Internally, log_concentration_constraints is used to lay out the base structure of the problem.

Following arguments are set optionally:

• water_metabolites, proton_metabolites and ignored_metabolites allow to completely ignore constraints on a part of the metabolite set, which is explicitly recommended especially for water and protons (since the analyses generally assume aqueous environment of constant pH)
• constant_concentrations can be used to fix the concentrations of the metabolites
• concentration_lower_bound and concentration_upper_bound set the default concentration bounds for all other metabolites
• concentration ratios is a dictionary that assigns a tuple of metabolite-metabolite-concentration ratio constraint names; e.g.

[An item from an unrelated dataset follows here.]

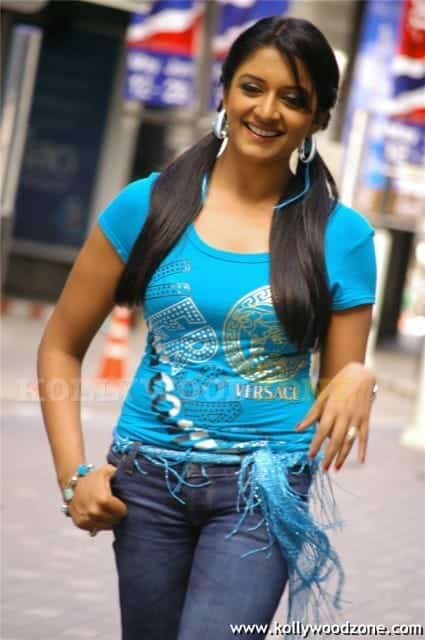 Vimala Raman Spicy Hot Pics 006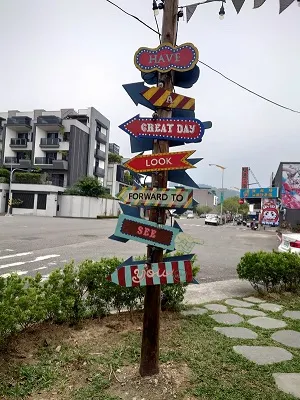 職涯的選擇─向左走向右走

ATP/ADP ratio can be fixed to five-times-more-ATP by setting concentration_ratios = Dict("adenosin_ratio" => ("atp", "adp", 5.0))
• T and R default to the usual required thermodynamic constraints in the expected units (the defaults assume the "usual" units, valuing 298.15 K and ~0.008314 kJ/K/mol, respectively). These multiply the log-concentrations to obtain the actual Gibbs energies, and thus driving forces.

flux_sample(
    model::AbstractFBCModels.AbstractFBCModel;
    seed,
    objective_bound,
    method,
    n_chains,
    collect_iterations,
    optimizer,
    settings,
    workers,
    kwargs...
)

Run a sampling algorithm on the near-optimal feasible space of the model (as specified by objective_bound). By default, the sampling algorithm is ACHR (the method parameter is defaulted to sample_chain_achr). The sampling algorithm is ran for n_chains and the iterations for collecting the sampled values are specified by collect_iterations.

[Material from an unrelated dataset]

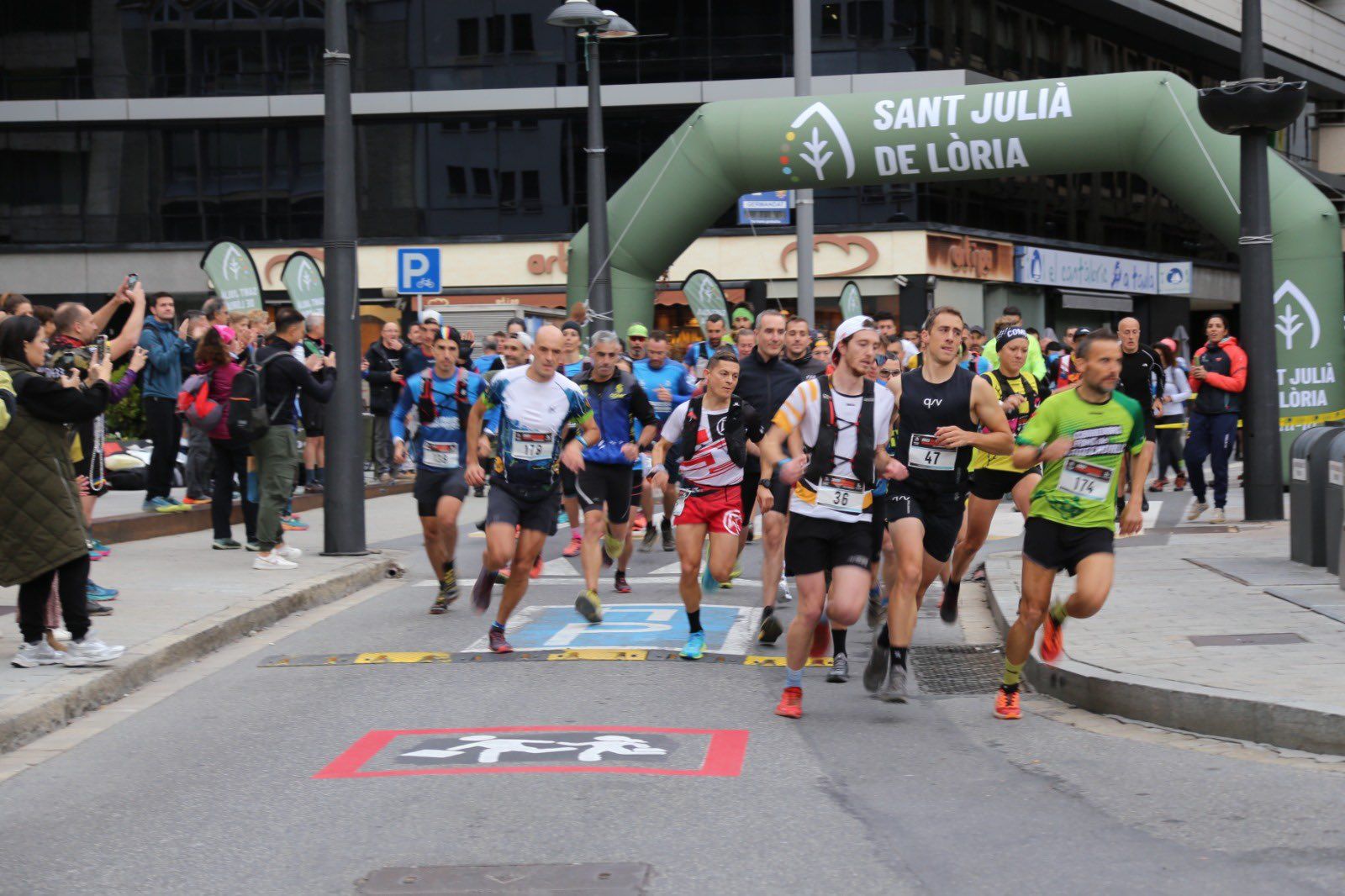 La sortida de la cursa des de Sant Julià.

optimizer is used to generate the warmup (with settings) for the sampler using the usual unidimensional maximum-variability fluxes (as from flux_variability_analysis). All computations are parallelized across workers.

Extra arguments are forwarded to sample_constraints. Eventually the arguments will reach the method function, so extra arguments can be also used to customize the methods (e.g., by setting the epsilon for the ACHR sampler).